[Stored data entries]

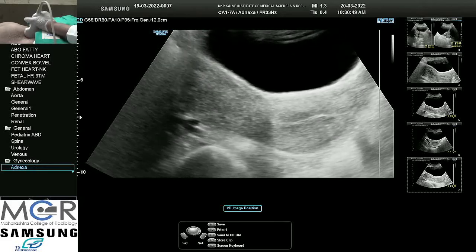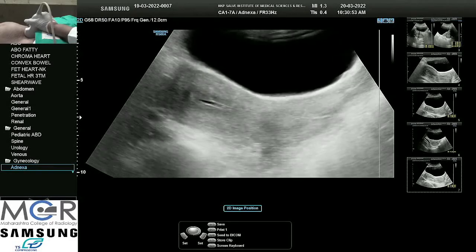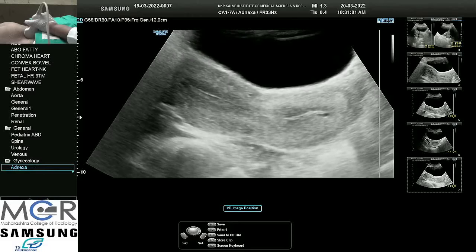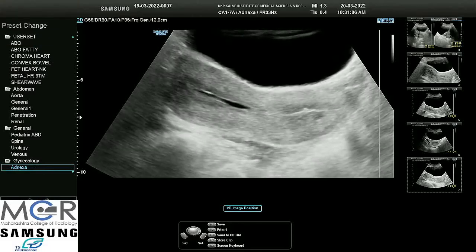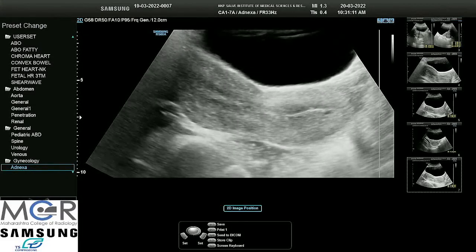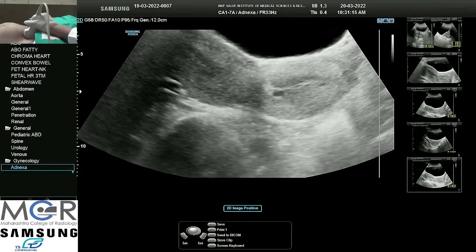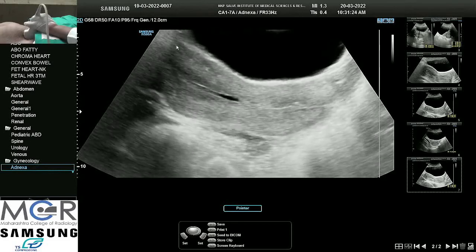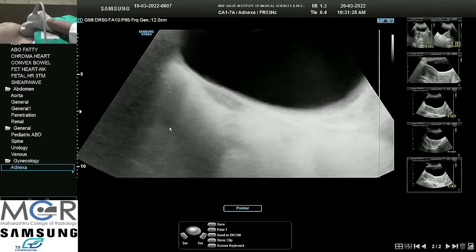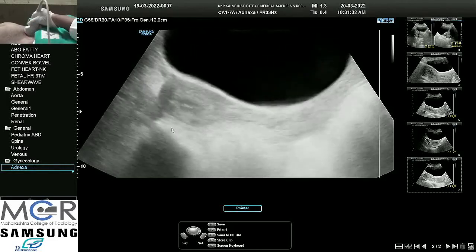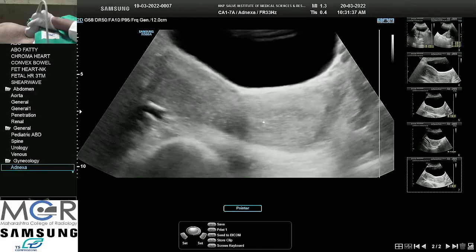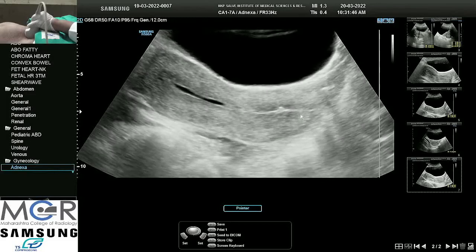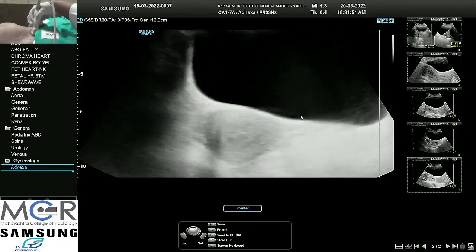We will ask the patient to void urine and come back. One important point: we should be very sure whether the uterus is anteverted or retroverted. If the fundus is towards the bladder, it is anteverted; if the fundus falls down, we call it a retroverted uterus. We should also note the angle the cervix makes with the uterus, to know whether it is anteflexed or retroflexed — this helps understand various problems, as a retroverted uterus may cause pain.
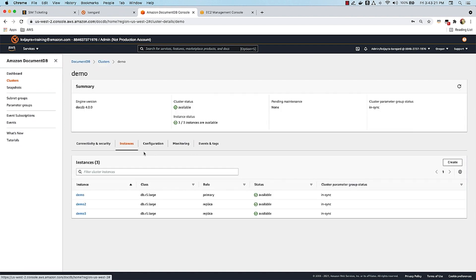Going to the next tab, you can see that I have three instances — one has the role of primary and I have two other replica instances. In DocumentDB you can have one primary instance that accepts writes, and you can scale your reads by adding up to 15 replica instances.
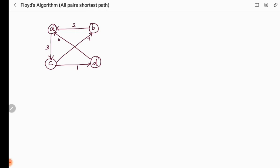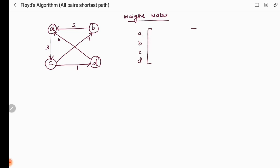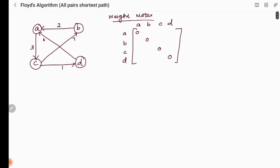We are given a directed graph with weights. The first step is to calculate the weight matrix for the given graph. Since there are 4 vertices, we use a 4x4 matrix format. We do not consider self-loops, so the diagonal entries are 0: A to A is 0, B to B is 0, C to C is 0, and D to D is 0. Where no direct edge exists, we place infinity.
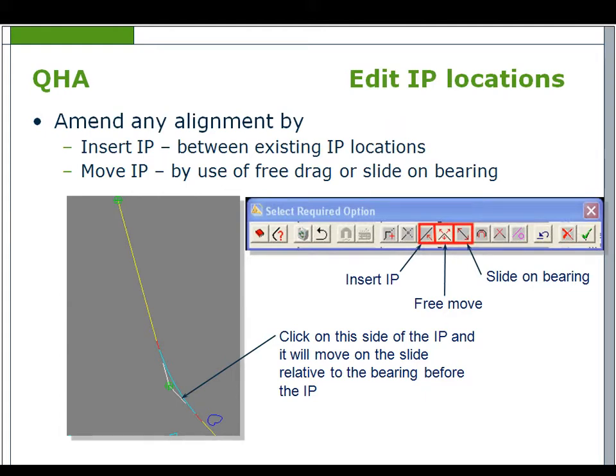Editing IP locations. Insert an IP will insert a new IP between existing IP locations and is affected by the snap icon. Move IP is also affected by the snap icon. To amend an IP location by free drag, select it from the screen and with the left hand mouse button depressed, move the IP to the location of your choice.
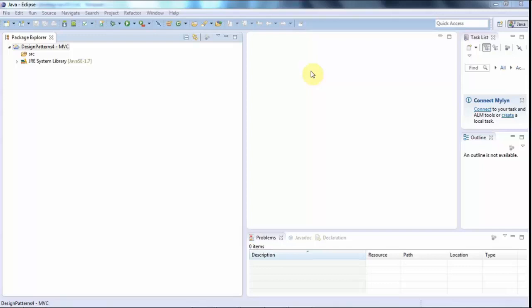Hello, this is John from caveofprogramming.com and in this tutorial we're going to start looking at Model-View-Controller and we're going to create a basic framework for a Swing application that uses Model-View-Controller.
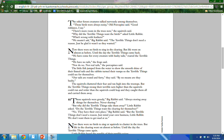'We have come for every creature with bushy tails,' roared the terrible things. 'We have no tails,' the frog said. 'Not real tails,' the porcupine said. The little fish jumped from the water to show their finned tails, and the rabbits turned their rumps so the terrible things could see for themselves — 'Our tails are round and furry, by no means bushy.' The squirrels chattered their fear and ran high into the treetops, but the terrible things swung their nets higher and wider, catching them all and carrying them away. 'Those squirrels were greedy, always storing away things for themselves, never sharing,' Big Rabbit said. 'The terrible things don't need a reason. Just mind your own business, Little Rabbit — we don't want them to get mad at us.'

Work instructions:
Take the line that contains "Editing IP locations." as the first and the last line of the records as the end, and please quote those lines exactly, pictures omitted.

Answer section:
Editing IP locations. Insert an IP will insert a new IP between existing IP locations and is affected by the snap icon. Move IP is also affected by the snap icon. To amend an IP location by free drag, select it from the screen and with the left hand mouse button depressed, move the IP to the location of your choice.
Hello, this is John from caveofprogramming.com and in this tutorial we're going to start looking at Model-View-Controller and we're going to create a basic framework for a Swing application that uses Model-View-Controller.
'We have come for every creature with bushy tails,' roared the terrible things. 'We have no tails,' the frog said. 'Not real tails,' the porcupine said. The little fish jumped from the water to show their finned tails, and the rabbits turned their rumps so the terrible things could see for themselves — 'Our tails are round and furry, by no means bushy.' The squirrels chattered their fear and ran high into the treetops, but the terrible things swung their nets higher and wider, catching them all and carrying them away. 'Those squirrels were greedy, always storing away things for themselves, never sharing,' Big Rabbit said. 'The terrible things don't need a reason. Just mind your own business, Little Rabbit — we don't want them to get mad at us.'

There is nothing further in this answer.